If you're younger than 40, that's almost always enough to get the first 5 digits of your SSN.
For added stupidity, a con artist using Linked In could then ping you with a job and ask for the last 4 of your SS# thereby getting your entire SS# and possibly a signature.
I thought the last four were assigned incrementally and could be guessed reliably based on birthdate
"The researchers sent a follow-up survey to their student participants asking them whether the first five digits of the social security number their algorithm predicted was correct."
No word on how well they did, either.
From the Schneier Study: "Information about an individual's place and date of birth can be exploited to predict his or her Social Security number (SSN). Using only publicly available information, we observed a correlation between individuals' SSNs and their birth data and found that for younger cohorts the correlation allows statistical inference of private SSNs. The inferences are made possible by the public availability of the Social Security Administration's Death Master File and the widespread accessibility of personal information from multiple sources, such as data brokers or profiles on social networking sites."
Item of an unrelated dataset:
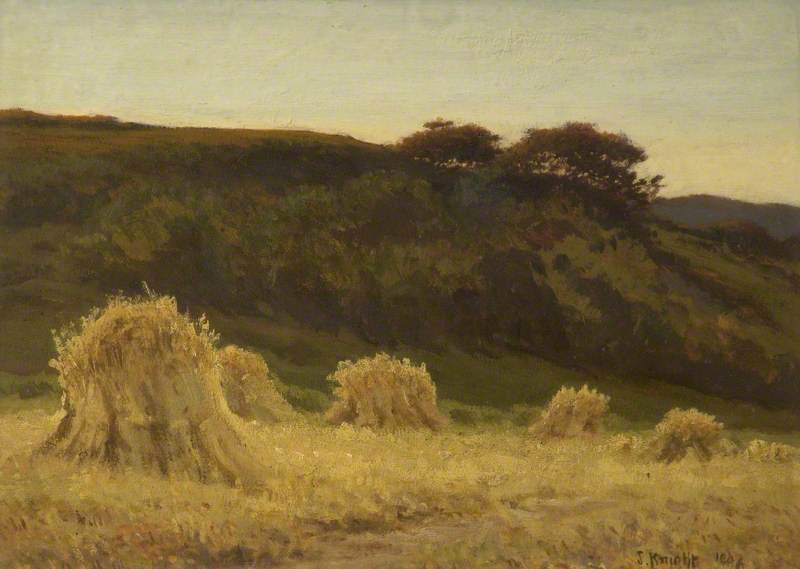 The Corn Field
What that means is that since SSN ranges are allocated regionally, and individual SSNs are generated sequentially, people born in the last 30 years around the same time in the same area will have similar SSNs. This isn't all that magical, and relies on consistent SSN allocation practices. It's just another form of social engineering. The SSA can completely stymie this with just a little bit of randomization.
The SSN was never intended as a means of identification initially, but:
1. When a system of identification was needed, the SSN system was already in place;
2. In theory, SSNs have a 1:1 person-to-number correspondence, unlike other forms of identification (name, birthplace, birthdate, etc.);
3. Without such a system, the government would perform much more invasive checks for things like employment, voting, and banking.
So either you accept that the government shouldn't be doing such things (so "illegal" immigrants can work, dead people can vote, and terrorists can open bank accounts, e.g.) or you recognize that SSNs are the lesser of two evils.
That doesn't mean there couldn't be a better system, but such a system would invariably require the government to keep even more information about its citizens.
Foreign or not you apply for and get a SSN, when you enroll there... Unless they participated in the experiment during the first 2 weeks of enrollment. Furthermore most foreign students not only will have SSNs and will have similar ones if they applied the same day. That may explain the high success rate in guessing the first 5 digits... Go figure...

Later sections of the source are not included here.